● Exercise: No pictures go in the copy. Restate, word for word, each line from the one containing "Imagen 5 de" through the last line below.

● Data shown:
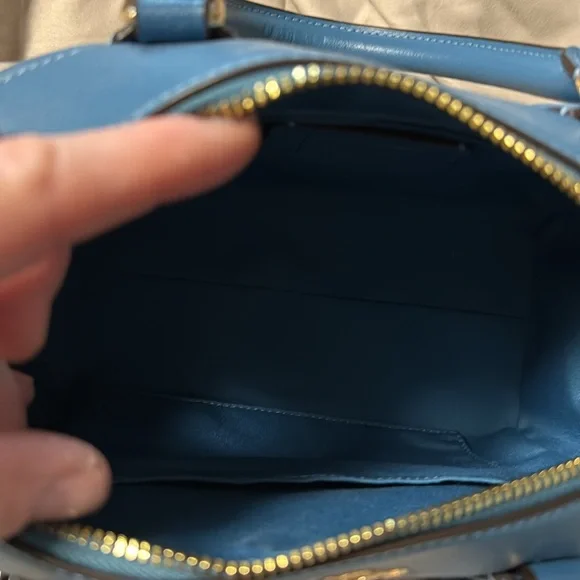 Coach PAC Man Exclusive Handbag / Crossbody with Pac-Man coin accessory pouch - Picture 9 of 13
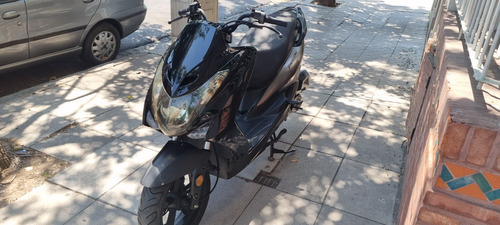Imagen 5 de 15 de Zanella Zanella Cruiser X 150 Titular Km 10.000 Excelente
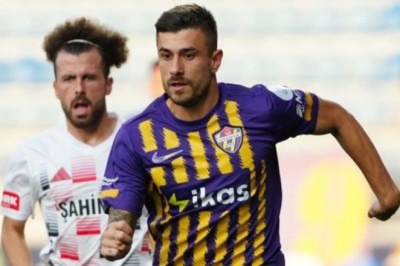 Kayserispor Eyüpspor'dan Dorukhan Toköz Renklerine Kattı.
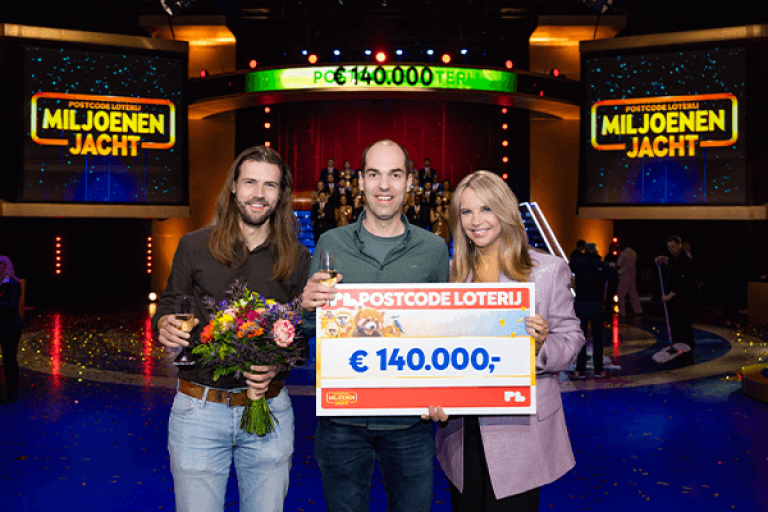 Ivo_Enschede_Aflevering_1_Voorjaar_2026_Postcode_Loterij_Miljoenenjacht_600x400 (1).png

● Output for this task:
Imagen 5 de 15 de Zanella Zanella Cruiser X 150 Titular Km 10.000 Excelente
 Kayserispor Eyüpspor'dan Dorukhan Toköz Renklerine Kattı.
 Ivo_Enschede_Aflevering_1_Voorjaar_2026_Postcode_Loterij_Miljoenenjacht_600x400 (1).png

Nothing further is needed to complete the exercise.